Given the right parallelepiped $ABCDA'B'C'D'\ :\ A(0,0,0),B(b,0,0),C(b,d,0),D(0,d,0),A'(0,0,a),B'(b,0,a),C'(b,d,a),D'(0,d,a)$,
$ABCD$ is a rectangle.
Points $E(0,\frac{a^{2}d}{a^{2}+d^{2}},\frac{ad^{2}}{a^{2}+d^{2}})$ and $F(\frac{a^{2}b}{a^{2}+b^{2}+d^{2}},\frac{a^{2}d}{a^{2}+b^{2}+d^{2}},\frac{a(b^{2}+d^{2})}{a^{2}+b^{2}+d^{2}})$.
Equation of the plane $(AEF)\ :\ bx+dy-az=0$.
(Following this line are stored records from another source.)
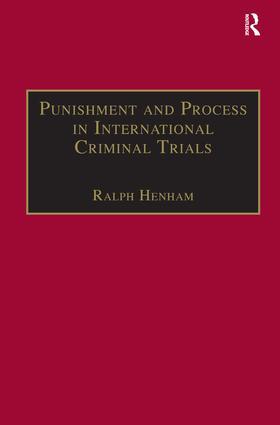 Henham |  Punishment and Process in International Criminal Trials | Buch |  Sack Fachmedien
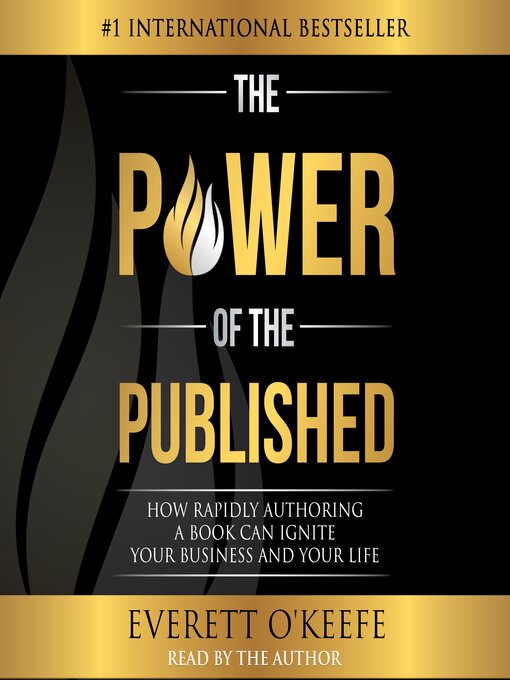 Title details for The Power of the Published by Everett O'Keefe - Wait list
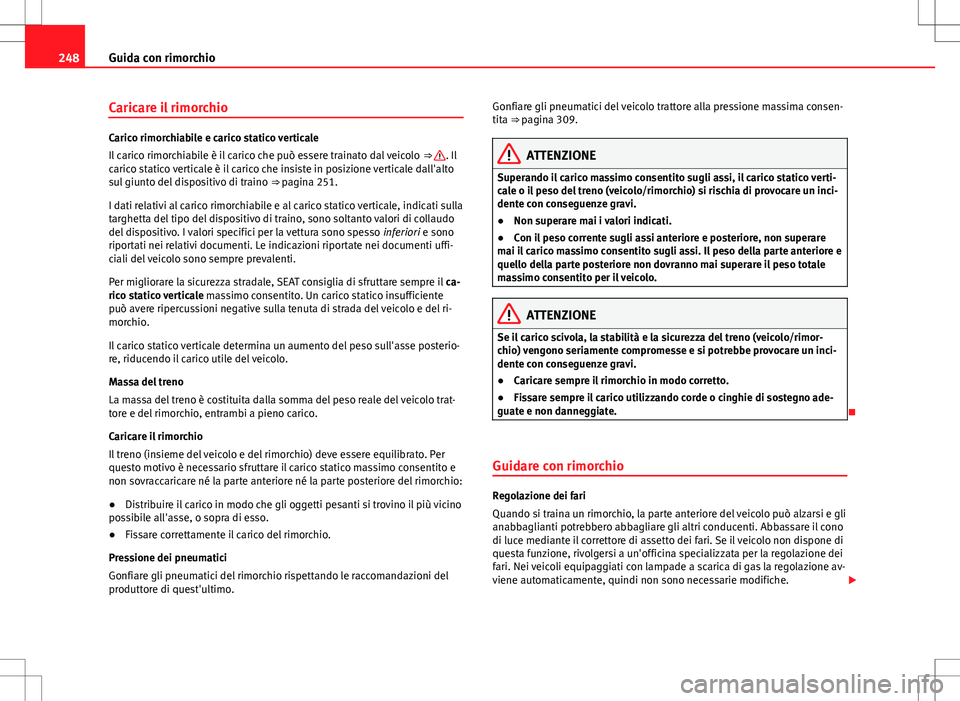 Seat Alhambra 2012 Manuale del proprietario (in Italian) 248Guida con rimorchio
Caricare il rimorchio
Carico rimorchiabile e carico statico verticale
Il carico rimorchiabile è il carico che può essere trainato dal veicolo ⇒ . Il
carico statico vertic Seat Alhambra 2012 Manuale del proprietario (in Italian) 248Guida con rimorchio
Caricare il rimorchio
Carico rimorchiabile e carico statico verticale
Il carico rimorchiabile è il carico che può essere trainato dal veicolo ⇒ . Il
carico statico vertic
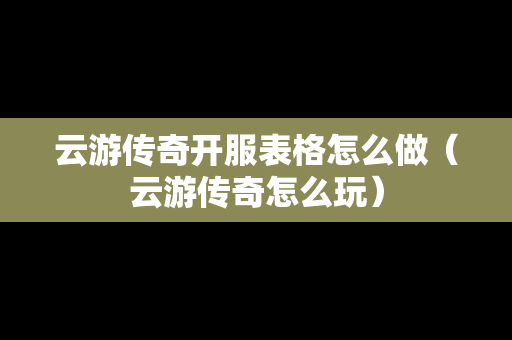 云游传奇开服表格怎么做（云游传奇怎么玩）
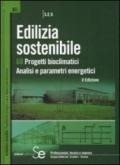 Edilizia sostenibile. 68 progetti bioclimatici. Analisi e parametri energetici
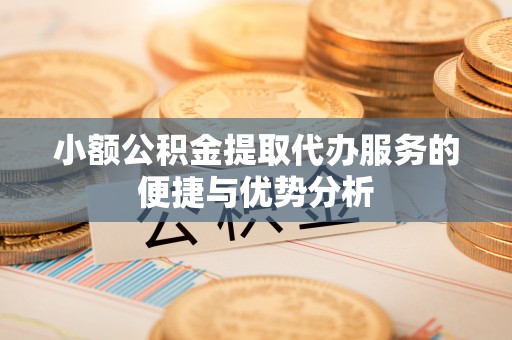 吴川小额公积金提取代办服务的便捷与优势分析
Points $P(\frac{b^{3}}{b^{2}+d^{2}},\frac{b^{2}d}{b^{2}+d^{2}},a)$ and $Q(\frac{b^{3}}{a^{2}+b^{2}+d^{2}},\frac{b^{2}d}{a^{2}+b^{2}+d^{2}},\frac{a(a^{2}+d^{2})}{a^{2}+b^{2}+d^{2}})$.
Equation of the plane $(B'PQ)\ :\ bx+dy-az=b^{2}-a^{2}$.
$\triangle AEF \sim \triangle B'PQ\ :\ \frac{AE}{B'P}=\frac{AF}{B'Q}=\frac{EF}{PQ}=\frac{a\sqrt{b^{2}+d^{2}}}{b\sqrt{a^{2}+d^{2}}}$.